SSPDは、厚さ数nm、幅100nmほどの超伝導体細線に光ファイバから単一光子が入射すると、超伝導状態が壊れることを利用し、光子を検出しようというもの。半導体APD検出器に比べ低雑音、かつ光子の到来時間を正確に捉えることが可能なため、光子検出技術のキーデバイスとして期待されてきた。すでにNICTでも2007年9月に国産第1号のSSPDを開発していたが、都市間伝送などの長距離・高速伝送の実現や、高感度光子検出器としての実用化・製品化には、より高い検出効率と動作速度の向上が求められていた。
今回、新たに開発されたマルチチャンネル超伝導単一光子検出システムは、2年前にNICTが開発したシステムに比べて検出効率が7倍、動作速度を2倍向上、トータル性能として半導体APD比で100倍に高めることに成功した。
検出効率の向上としては、積層薄膜により構成された光キャビティを用いた新しい検出素子を開発、単層薄膜素子より7倍以上の検出効率の向上を実現した。
また、動作速度の向上では、レンズ付き光ファイバを用いることで、より小さい受光面積をもつ検出素子への集光を実現、これにより動作速度2倍向上を達成した。
加えて、システム設計の最適化により、従来の検出システムに比べ2/3に小型化することに成功。、最大6チャンネル搭載ながら、100Vの家庭用電源で駆動可能な小型冷凍機により構成され、小型化と低消費電力性の両立を実現した。

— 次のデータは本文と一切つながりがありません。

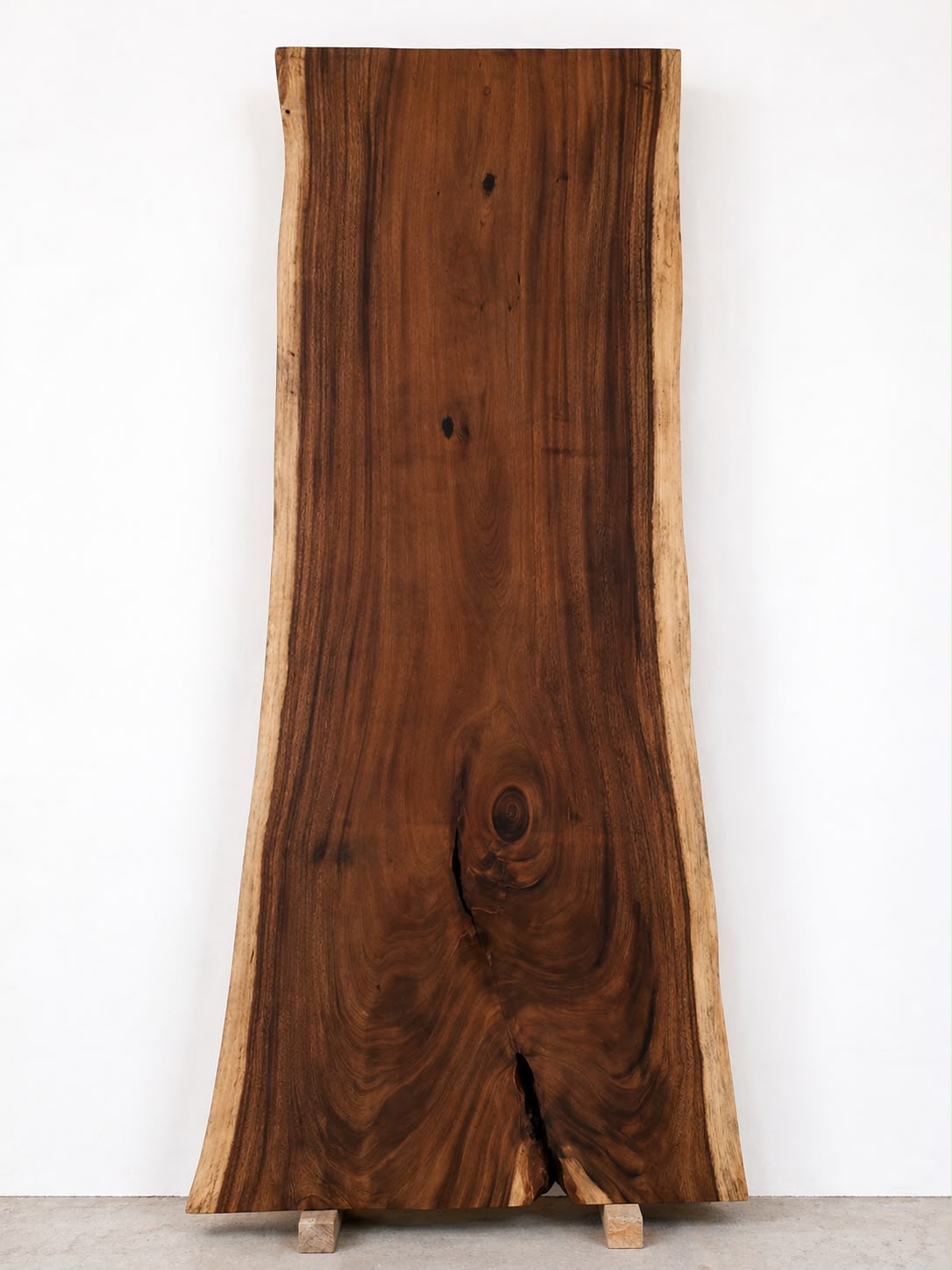 Representative Saman live-edge slab photographed in Ecuador before finishing — Platinum Luxury Teak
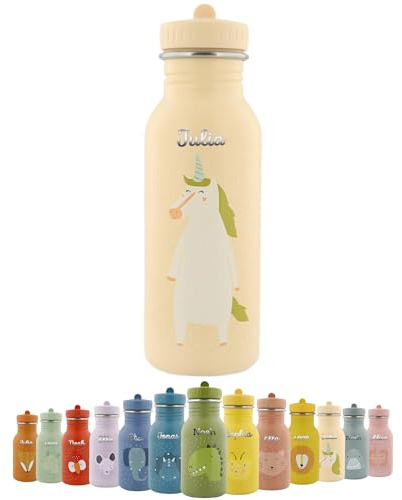 upstitch studio Trinkflasche personalisiert für Kinder, Trixie Flasche personalisiert mit Namen (350ml 500ml) Edelstahl BPA- frei, auslaufsicher, rostfrei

なお、NICTでは、今後、デバイスの改良とシステムの最適化を図り、さらなる高性能化(検出効率40%、動作速度1GHz)を実現することで量子暗号システムへの実用化を目指すほか、基礎科学と応用光学などさまざまな分野での実用化・製品化を目指し、規格化や標準化などの国際戦略活動を行っていくとしている。